You are talking about an Android device, there may be 100.000 small differences between real and emulated devices. Even eliminating all those differences that can be "fixed" requires quite some work.
Just the execution speed is an indicator you can't forge that easily. To emulate an ARM device that costs US$99, you may need a PC that costs more than US$1000, and then the execution speed of an ARM emulator will still be lower than the physical device. This is because emulating an ARM CPU on an x86 CPU is difficult and requires a lot of CPU resources.
Even if you would use one of the new Apple computers with an M1 ARM chip (or another device that runs a fast ARM-based chip which therefore understands most of the ARM commands directly), there will still be differences on the code-level you can detect and therefore guess that with a high probability it is an emulator.

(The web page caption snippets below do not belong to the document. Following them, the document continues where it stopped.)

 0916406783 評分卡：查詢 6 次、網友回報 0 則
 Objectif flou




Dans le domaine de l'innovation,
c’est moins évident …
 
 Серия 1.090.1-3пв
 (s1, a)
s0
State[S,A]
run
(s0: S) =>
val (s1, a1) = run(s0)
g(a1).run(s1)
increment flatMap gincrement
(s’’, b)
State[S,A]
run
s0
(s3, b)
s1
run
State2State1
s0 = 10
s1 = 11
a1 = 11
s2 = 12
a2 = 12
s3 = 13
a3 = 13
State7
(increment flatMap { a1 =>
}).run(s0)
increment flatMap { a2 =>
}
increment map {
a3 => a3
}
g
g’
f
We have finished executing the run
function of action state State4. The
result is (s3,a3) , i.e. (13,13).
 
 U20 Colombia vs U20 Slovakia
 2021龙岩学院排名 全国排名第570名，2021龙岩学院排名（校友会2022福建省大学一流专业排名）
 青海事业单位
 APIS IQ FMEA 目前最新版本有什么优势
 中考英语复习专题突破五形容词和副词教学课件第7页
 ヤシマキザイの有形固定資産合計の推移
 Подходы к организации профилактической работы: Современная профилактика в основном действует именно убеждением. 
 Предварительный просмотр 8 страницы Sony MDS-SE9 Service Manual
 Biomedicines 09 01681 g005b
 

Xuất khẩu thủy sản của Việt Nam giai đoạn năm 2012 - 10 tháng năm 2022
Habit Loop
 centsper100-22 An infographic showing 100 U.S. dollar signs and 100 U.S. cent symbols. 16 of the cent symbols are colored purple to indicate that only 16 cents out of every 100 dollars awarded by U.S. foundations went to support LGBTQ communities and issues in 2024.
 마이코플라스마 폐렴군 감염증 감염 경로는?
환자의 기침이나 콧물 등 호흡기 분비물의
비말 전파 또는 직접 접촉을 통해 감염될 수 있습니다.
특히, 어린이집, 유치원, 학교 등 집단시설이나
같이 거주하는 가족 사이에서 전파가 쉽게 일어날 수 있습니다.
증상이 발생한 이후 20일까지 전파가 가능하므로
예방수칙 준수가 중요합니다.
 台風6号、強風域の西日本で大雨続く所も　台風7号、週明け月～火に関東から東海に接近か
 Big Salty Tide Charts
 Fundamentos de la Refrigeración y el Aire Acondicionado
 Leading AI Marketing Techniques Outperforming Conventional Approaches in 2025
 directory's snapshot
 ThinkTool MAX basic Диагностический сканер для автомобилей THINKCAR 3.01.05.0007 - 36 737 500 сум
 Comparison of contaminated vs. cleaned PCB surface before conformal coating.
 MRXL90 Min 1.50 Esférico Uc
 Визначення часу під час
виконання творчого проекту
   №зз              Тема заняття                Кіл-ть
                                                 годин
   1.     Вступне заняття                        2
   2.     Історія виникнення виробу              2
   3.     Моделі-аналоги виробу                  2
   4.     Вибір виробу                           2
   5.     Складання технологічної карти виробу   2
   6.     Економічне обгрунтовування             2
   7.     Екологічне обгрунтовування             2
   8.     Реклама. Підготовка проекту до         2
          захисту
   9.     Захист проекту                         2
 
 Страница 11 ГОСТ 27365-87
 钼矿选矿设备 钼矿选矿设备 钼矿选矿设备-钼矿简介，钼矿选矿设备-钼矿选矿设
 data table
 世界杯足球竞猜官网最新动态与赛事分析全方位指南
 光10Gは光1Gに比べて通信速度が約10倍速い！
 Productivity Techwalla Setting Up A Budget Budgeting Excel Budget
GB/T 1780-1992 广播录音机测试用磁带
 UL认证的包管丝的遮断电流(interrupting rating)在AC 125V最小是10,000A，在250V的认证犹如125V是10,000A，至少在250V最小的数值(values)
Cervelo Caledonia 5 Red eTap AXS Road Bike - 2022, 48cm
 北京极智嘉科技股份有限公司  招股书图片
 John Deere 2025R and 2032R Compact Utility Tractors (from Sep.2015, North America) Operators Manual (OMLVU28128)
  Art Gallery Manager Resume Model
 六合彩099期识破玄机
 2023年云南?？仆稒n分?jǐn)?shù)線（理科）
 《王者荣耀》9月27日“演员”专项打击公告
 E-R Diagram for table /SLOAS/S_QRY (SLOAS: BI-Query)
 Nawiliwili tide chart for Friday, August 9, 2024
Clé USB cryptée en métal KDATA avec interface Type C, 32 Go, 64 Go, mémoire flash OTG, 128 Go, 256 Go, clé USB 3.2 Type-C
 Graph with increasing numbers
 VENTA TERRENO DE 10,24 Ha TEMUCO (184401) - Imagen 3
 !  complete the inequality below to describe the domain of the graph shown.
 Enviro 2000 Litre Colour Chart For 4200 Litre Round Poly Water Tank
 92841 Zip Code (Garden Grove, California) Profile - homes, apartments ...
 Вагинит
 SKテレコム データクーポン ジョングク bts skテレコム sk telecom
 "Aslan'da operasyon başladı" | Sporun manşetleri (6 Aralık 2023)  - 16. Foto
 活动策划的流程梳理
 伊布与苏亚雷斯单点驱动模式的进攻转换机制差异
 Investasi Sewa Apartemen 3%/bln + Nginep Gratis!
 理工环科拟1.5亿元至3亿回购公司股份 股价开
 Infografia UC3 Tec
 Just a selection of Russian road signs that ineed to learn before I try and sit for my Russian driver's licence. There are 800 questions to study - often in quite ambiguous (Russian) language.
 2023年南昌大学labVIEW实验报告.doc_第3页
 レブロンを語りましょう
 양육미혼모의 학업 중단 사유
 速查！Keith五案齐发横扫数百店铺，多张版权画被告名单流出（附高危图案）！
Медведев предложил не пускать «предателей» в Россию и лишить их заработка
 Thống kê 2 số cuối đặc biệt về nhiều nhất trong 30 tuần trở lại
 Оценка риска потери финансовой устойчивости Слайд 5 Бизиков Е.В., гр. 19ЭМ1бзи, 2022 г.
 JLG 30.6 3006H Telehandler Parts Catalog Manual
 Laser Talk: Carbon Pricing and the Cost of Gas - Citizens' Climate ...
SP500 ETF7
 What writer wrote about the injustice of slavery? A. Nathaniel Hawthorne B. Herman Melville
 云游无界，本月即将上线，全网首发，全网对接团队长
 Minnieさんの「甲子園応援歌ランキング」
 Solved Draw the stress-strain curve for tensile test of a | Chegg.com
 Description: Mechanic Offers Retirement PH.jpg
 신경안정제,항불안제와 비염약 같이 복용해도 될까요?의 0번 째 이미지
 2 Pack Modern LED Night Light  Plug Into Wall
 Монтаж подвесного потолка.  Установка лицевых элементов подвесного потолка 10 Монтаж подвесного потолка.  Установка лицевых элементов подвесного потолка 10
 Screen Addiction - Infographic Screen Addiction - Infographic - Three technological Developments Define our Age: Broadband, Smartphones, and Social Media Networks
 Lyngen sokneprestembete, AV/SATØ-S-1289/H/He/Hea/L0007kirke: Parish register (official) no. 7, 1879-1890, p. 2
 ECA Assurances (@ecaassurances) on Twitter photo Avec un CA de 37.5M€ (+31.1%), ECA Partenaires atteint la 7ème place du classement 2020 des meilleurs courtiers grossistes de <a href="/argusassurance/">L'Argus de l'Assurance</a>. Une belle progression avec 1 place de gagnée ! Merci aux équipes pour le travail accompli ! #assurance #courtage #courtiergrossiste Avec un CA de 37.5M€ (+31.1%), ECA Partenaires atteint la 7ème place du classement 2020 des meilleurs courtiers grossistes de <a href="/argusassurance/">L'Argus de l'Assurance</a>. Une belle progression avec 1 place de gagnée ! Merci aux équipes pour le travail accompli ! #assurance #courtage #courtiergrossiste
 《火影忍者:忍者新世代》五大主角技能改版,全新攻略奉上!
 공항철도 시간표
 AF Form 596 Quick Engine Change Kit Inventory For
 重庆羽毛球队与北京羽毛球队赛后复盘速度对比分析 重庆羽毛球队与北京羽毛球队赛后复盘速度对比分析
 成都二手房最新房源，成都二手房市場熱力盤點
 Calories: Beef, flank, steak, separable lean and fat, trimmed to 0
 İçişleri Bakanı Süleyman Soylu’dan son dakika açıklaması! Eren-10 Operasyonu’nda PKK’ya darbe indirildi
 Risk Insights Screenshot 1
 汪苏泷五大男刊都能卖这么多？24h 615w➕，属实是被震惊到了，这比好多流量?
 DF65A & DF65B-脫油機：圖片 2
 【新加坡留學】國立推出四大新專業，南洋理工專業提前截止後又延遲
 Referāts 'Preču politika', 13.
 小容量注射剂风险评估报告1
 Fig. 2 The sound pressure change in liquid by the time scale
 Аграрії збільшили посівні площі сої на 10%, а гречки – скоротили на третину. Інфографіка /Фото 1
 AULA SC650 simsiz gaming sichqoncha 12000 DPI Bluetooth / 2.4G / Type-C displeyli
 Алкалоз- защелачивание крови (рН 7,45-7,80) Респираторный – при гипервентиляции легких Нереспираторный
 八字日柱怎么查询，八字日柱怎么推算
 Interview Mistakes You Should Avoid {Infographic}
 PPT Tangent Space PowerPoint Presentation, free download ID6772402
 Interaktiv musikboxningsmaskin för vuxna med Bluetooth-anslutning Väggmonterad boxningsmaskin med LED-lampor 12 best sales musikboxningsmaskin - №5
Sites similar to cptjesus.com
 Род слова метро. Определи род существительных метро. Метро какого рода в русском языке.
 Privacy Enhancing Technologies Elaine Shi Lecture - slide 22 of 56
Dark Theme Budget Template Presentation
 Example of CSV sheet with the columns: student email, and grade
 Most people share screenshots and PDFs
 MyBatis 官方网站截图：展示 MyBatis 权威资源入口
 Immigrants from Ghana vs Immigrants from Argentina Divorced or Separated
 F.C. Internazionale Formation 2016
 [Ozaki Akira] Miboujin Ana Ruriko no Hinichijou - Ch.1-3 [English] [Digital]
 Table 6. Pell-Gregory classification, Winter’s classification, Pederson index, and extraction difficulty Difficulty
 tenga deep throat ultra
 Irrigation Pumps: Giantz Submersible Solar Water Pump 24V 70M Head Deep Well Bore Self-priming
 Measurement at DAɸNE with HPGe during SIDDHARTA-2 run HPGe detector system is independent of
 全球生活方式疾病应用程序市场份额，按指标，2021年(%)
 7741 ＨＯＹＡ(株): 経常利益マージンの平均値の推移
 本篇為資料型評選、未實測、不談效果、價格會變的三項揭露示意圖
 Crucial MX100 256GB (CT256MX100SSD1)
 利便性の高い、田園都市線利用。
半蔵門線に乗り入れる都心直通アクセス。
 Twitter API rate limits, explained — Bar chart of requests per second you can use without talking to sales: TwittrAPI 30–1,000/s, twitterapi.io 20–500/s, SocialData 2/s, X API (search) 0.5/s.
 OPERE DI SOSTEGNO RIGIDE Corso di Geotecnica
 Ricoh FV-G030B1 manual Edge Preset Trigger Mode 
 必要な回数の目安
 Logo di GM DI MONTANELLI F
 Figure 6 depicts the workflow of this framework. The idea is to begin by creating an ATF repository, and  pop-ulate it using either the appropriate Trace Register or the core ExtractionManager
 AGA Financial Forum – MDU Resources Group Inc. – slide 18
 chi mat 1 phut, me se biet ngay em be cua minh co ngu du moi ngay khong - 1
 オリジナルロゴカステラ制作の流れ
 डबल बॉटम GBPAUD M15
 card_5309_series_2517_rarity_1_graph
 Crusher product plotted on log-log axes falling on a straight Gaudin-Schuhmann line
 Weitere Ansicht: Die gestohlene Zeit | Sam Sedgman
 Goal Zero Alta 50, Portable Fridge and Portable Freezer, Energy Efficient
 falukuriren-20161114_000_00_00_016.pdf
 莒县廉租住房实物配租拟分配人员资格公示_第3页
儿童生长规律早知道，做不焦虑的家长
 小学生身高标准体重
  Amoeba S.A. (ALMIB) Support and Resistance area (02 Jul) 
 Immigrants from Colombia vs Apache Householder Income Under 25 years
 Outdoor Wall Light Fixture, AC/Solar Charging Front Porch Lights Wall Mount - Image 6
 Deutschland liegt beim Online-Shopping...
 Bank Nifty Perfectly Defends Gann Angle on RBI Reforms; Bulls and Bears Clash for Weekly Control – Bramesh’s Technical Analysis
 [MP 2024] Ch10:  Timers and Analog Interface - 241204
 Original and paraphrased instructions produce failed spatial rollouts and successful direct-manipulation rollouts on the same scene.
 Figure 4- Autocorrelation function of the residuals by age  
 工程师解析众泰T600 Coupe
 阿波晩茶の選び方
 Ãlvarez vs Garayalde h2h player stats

Another problem is that assuming you would be able to create an emulator that an app can't detect as an emulator, you then sell it to anyone on the internet. Very soon those people you don't want an app to run on an emulator will recognize your emulator, get it and tear it apart until they have found a way to still detect it.
Therefore from my perspective, the answer to your question is: yes, with a high probability, there are emulators at the moment no app can detect as emulators. However, to keep it that way, those emulators are never published and cannot be bought or retrieved anywhere.
For example, Anti Virus companies most likely have such an emulator because malware usually contains the most sophisticated way to detect if they are running in an emulated environment or a regular device. Running in an emulated environment for malware usually means there is someone analyzing it (which obviously the malware author doesn't want to).